Di questa particolare tecnica si è recentemente occupato il wine writer inglese David Kermode. Su Club Oenologique si è chiesto se e quanto questa rappresenti il futuro, anche alla luce dei recenti investimenti di alcune cantine produttrici di Champagne. La Cuvée Abyss di Leclerc Briant trascorre per esempio dai 10 ai 15 mesi sul fondo del mare, a seconda dell'annata, vicino all'isola di Ouessant, al largo della costa della Bretagna. Un’altra importante maison, Drappier, nel 2020 ha immerso sempre al largo delle coste bretoni circa 3.500 bottiglie di quello che ha poi chiamato Immersion, uno Champagne Brut Nature da sole uve di pinot nero. Una tendenza, ha scritto Kermode, le cui origini risalgono al 2010, quando a sud dell’Arcipelago delle Isole Åland, tra Svezia e Finlandia, furono ritrovate all’interno di un relitto affondato tra il 1825 e 1830 ben 150 bottiglie di Champagne prodotto da Veuve Clicquot.

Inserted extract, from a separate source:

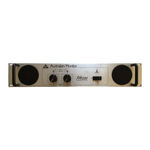 AUSTRALIAN MONITOR PA1200 Specifications
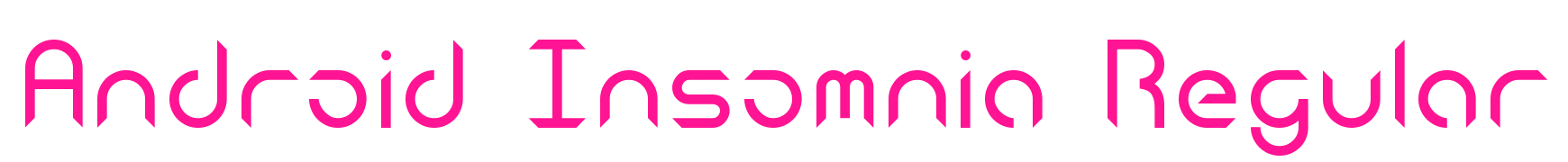 Android Insomnia Regular預(yù)覽圖片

Uno spumante che a distanza di quasi due secoli, lasciato in fondo al mare, si è dimostrato essere ancora frizzante, ancora buono. «Esiste una chiara correlazione tra la pressione ambientale durante l'élevage (il periodo di maturazione sui lieviti di uno Champagne) e la presunta longevità di uno spumante», ha affermato a Club Oenologique Simon Field, esperto di vino e in particolare di Champagne. «Sotto la pressione dell’acqua il lento lavoro di autolisi dei lieviti diventa più mirato e, di conseguenza, il vino ha più definizione e carattere». Sott’acqua questa aumenta di 1 bar ogni 10 metri di profondità, pertanto tra i 50 e i 60 metri la pressione all’esterno di una bottiglia di Champagne sommersa è sostanzialmente uguale a quella all’interno. Anche la temperatura dell'acqua fa parte del fascino di questa tecnica: è costante e simile a quella che si trova nelle migliori cantine di gesso di Épernay o di Reims. Si tratta inoltre di ambiente senza alcuna luce, soprattutto ambiente caratterizzato da un ingrediente più affascinante di altri: quel movimento del mare che Hervé Jestin, enologo di Leclerc Briant, paragona alla "dinamizzazione permanente". Un moto che permette ai vini di sviluppare una tessitura gustativa di maggiore armonia.
«Ci sono stati esperimenti di successo anche con vini fermi in Spagna, Cile, California e sull'isola greca di Santorini, dove la cantina Gaia ha creato il suo Thalassitis Submerged Assyrtiko», ha scritto David Kermode. Un vino, quest’ultimo, che sott’acqua sviluppa note di idrocarburi che altrimenti non avrebbe, non dopo una maturazione tradizionale in cantina. Da una parte è quindi indubbio che l’influenza del mare sia in grado di restituire vini se non migliori certamente diversi, oltre al grande fascino che questa tecnica esprime in termini di marketing e di comunicazione. Emerge però la sensazione si tratti di nicchia per quanto in crescita destinata a rimanere tale soprattutto per i costi di produzione e quindi quelli, sempre piuttosto alti, di questi vini.